Back to when his friends called him ‘Mr. Hurricane.’
“I loved the Miami Hurricanes,” Brian Rolle, the highly-touted OSU linebacker and captain from Immokalee, Fla., was saying after returning an interception 30 yards for a score in OSU’s 45-7 season-opening victory over Marshall last Thursday in steamy Ohio Stadium.
“Miami was the team I liked growing up ... And it was the only place I wanted to go,” he said. “I didn’t even think about being recruited. I just said, ‘I’m going to Miami.’ In high school, I wore my Miami stuff every day. My friend Richardson always called me ‘Mr. Hurricane’ because that’s all I wore.

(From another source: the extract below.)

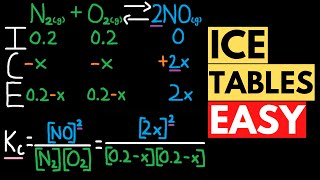 ICE Tables: Initial Concentration, Equilibrium Constant Expression - Chemical Equilibrium Problems.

“I went to a lot of their games. I mean a lot,” he said. “And those guys had swagger. You’d see guys out there like Antrell Rolle, Maurice Sikes, Sean Taylor ... And when somebody would make a big play, they were always celebrating, always having fun. That’s what I like about them. And if you watched me in high school, I was a guy who liked to bounce around and have fun.”
But by November of his senior year, Miami still hadn’t offered him a scholarship. And once he accepted Ohio State’s invitation to come to its Michigan game, he said he was hooked.
“I called my mother that night and said, ‘I’m gonna be a Buckeye.’ ... And today I wouldn’t change a thing,” he said.
Then, with a moment’s reflection on this Saturday’s game, when No. 13 Miami comes in to play the No. 2 Bucks, Rolle had to smile.
“This is why I tell everybody,” he said. “This one is personal for me.”
In a game drawing the attention of the college football world, a game with a festering back story and plenty of current familiarity, Miami versus OSU is “personal” for lots of folks.
Eight seasons ago, OSU and Miami met in the national title game at the Fiesta Bowl.
The ‘Canes were the defending national champs, were riding a 34-game winning streak and had a roster full of future pros. Ohio State, though unbeaten, was an 111/2-point underdog.
In what ended up one of the greatest championship games in history, OSU edged Miami, 31-24, in double overtime.
While OSU quarterback Terrelle Pryor thought current Miami players wouldn’t be caught up in the past, Rolle, who remembers watching the game with his family, shook his head.
“When I go back home, people say, ‘We can’t wait for that game. We’re gonna get you back,’” he said.
OSU center Mike Brewster, who is from Orlando, agreed.
“They’re going to be looking at it as payback for ‘02,” he said.
In fact, after Miami’s 45-0 victory over Florida A&M in its season opener Thursday, a couple of Hurricane players told reporters how former ‘Canes had returned to campus over the summer and singled out this game as the one where a Miami victory could help right a past wrong.